Surely, one or two might sensibly be spared in acknowledgement that I steer a riding mower in geezer fashion: Here a nip, there a lop, just a chop, I never stop!
My wife glares.
In that, there is reason for real worry.
I am contrite, abashed. I promise to do better. I intend to do better, I really do.
But while I screech out, “… stuck in Folsom PRI-ison!” my eyes lose their focus on the mower’s wheels in rapturous devotion to the twang of the late, great Johnny Cash.
Therein lies my own cold, dark, doomed day of reckoning.
About whether there is nuclear war, I am as powerless as I am before the blinding stroke of lightning or the locomotive sound of an approaching tornado. I might run, I might hide. But it will or won’t hit me, regardless of pretty much whatever I do.
However, I can control the riding mower. All too often, I just don’t. That open-mouthed soundless wail comes from my wife if she sees the casualties among the blossoms.

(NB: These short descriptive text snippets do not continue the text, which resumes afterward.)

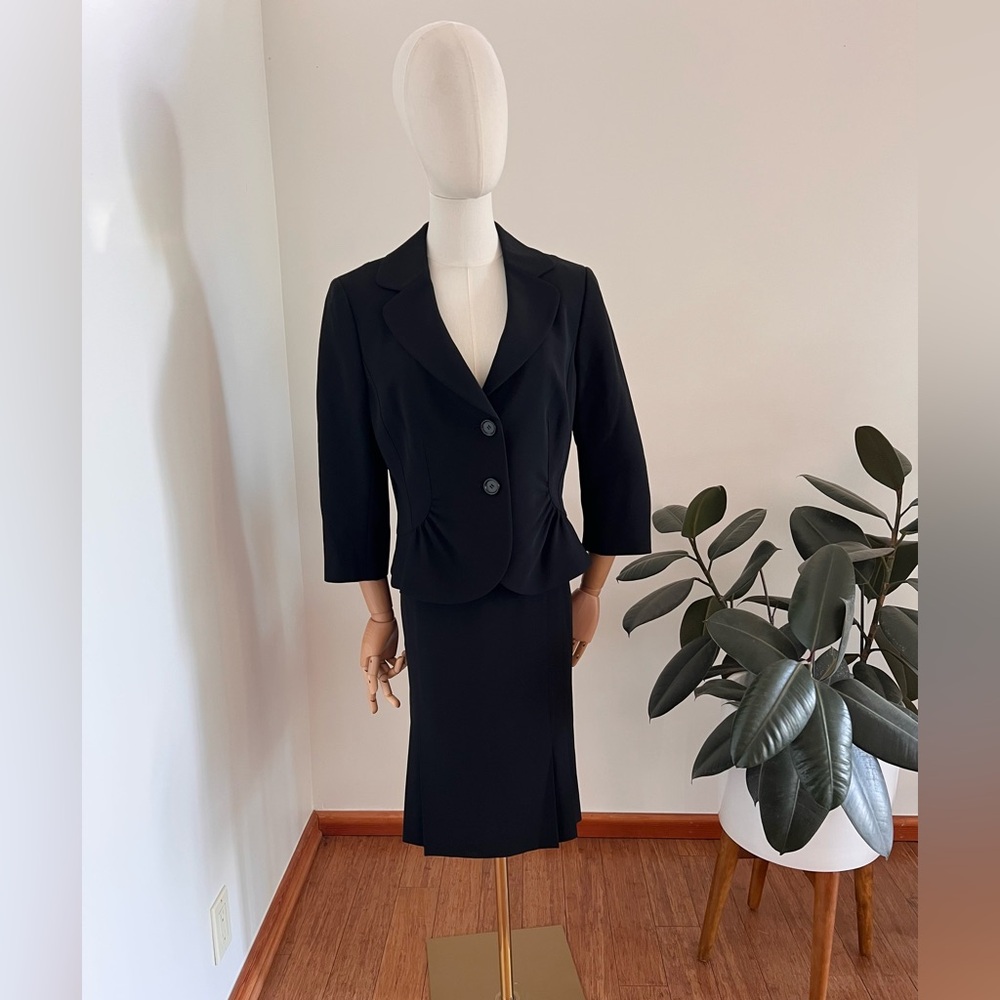 ANN TAYLOR 2 PIECE BLACK SUIT PLEATED SKIRT RUFFLE DETAIL JACKET‎ CORPCORE NWT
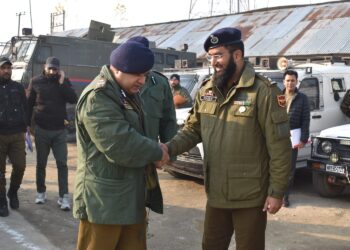 IGP Kashmir visits Baramulla & Sopore, takes stock of security scenario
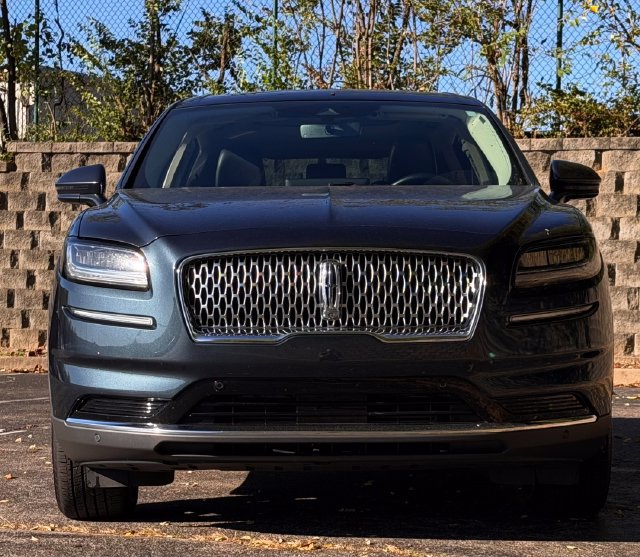 Used 2022 Lincoln Nautilus Reserve AWD/4WD image 16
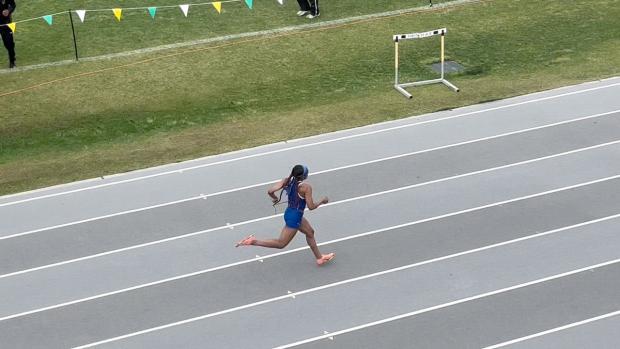 Girls 400 Finals Section 3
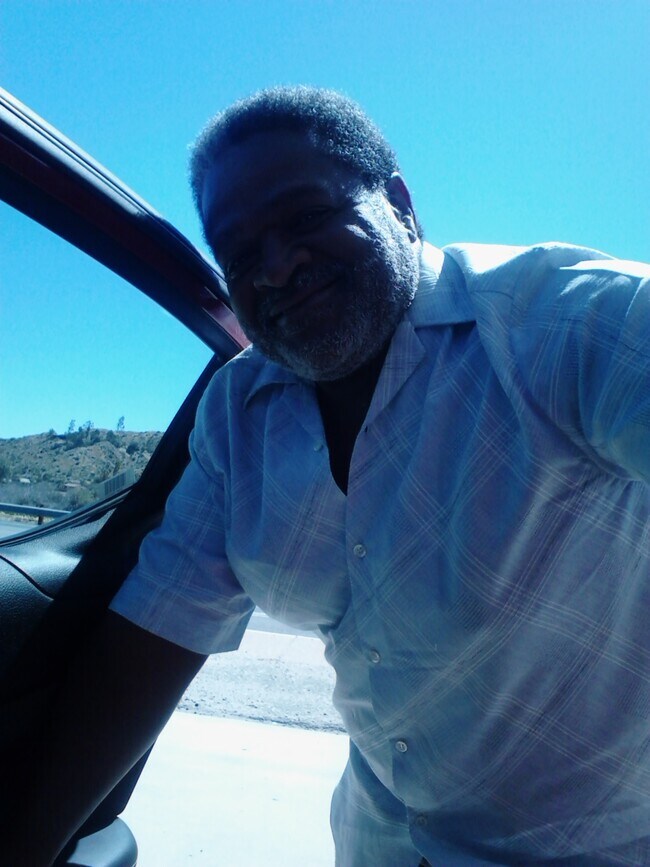 Bernard Strong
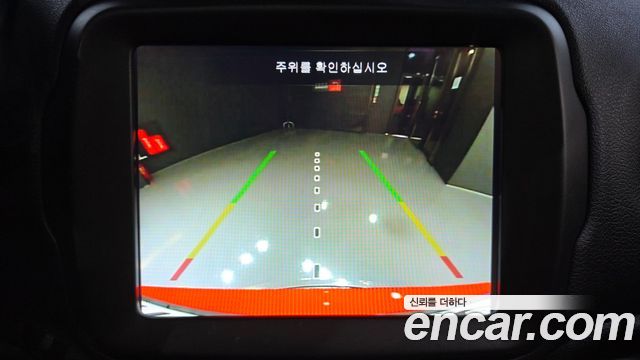 Jeep Renegade 2020 — photo 36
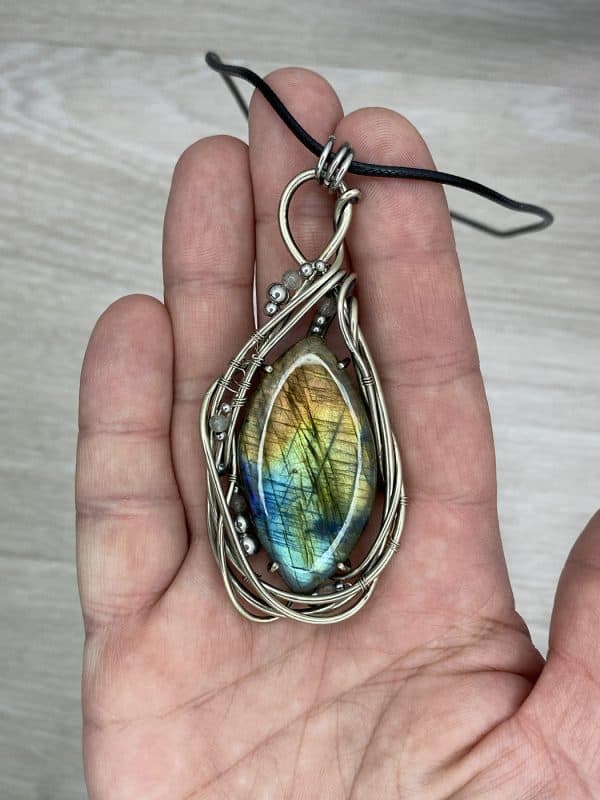 Secret Radiance — Labradorite Pendant - Image 3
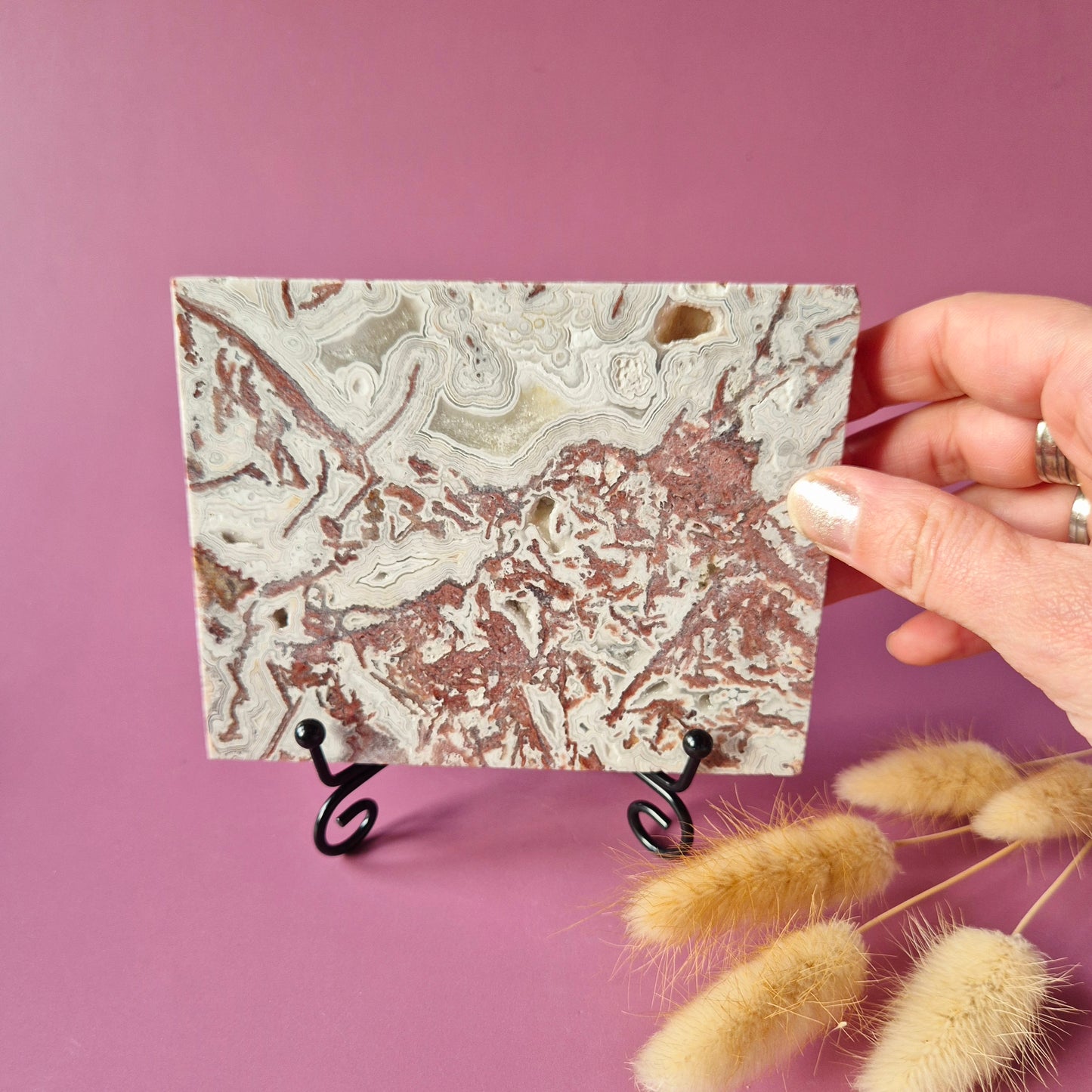 Crazy Lace Agate Slab op standaard – 318g (druzy edelsteen)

Those chopped petunias, those crumpled daffodils generate a threat to my peace and tranquility that is more immediate, more certain than what could reach us from half a world away.
No, I won’t die in retribution for having guillotined a tulip. She will make sure that I stay very, very much alive to endure every dollop of the spousal retribution before which I must assuredly and deservedly tremble.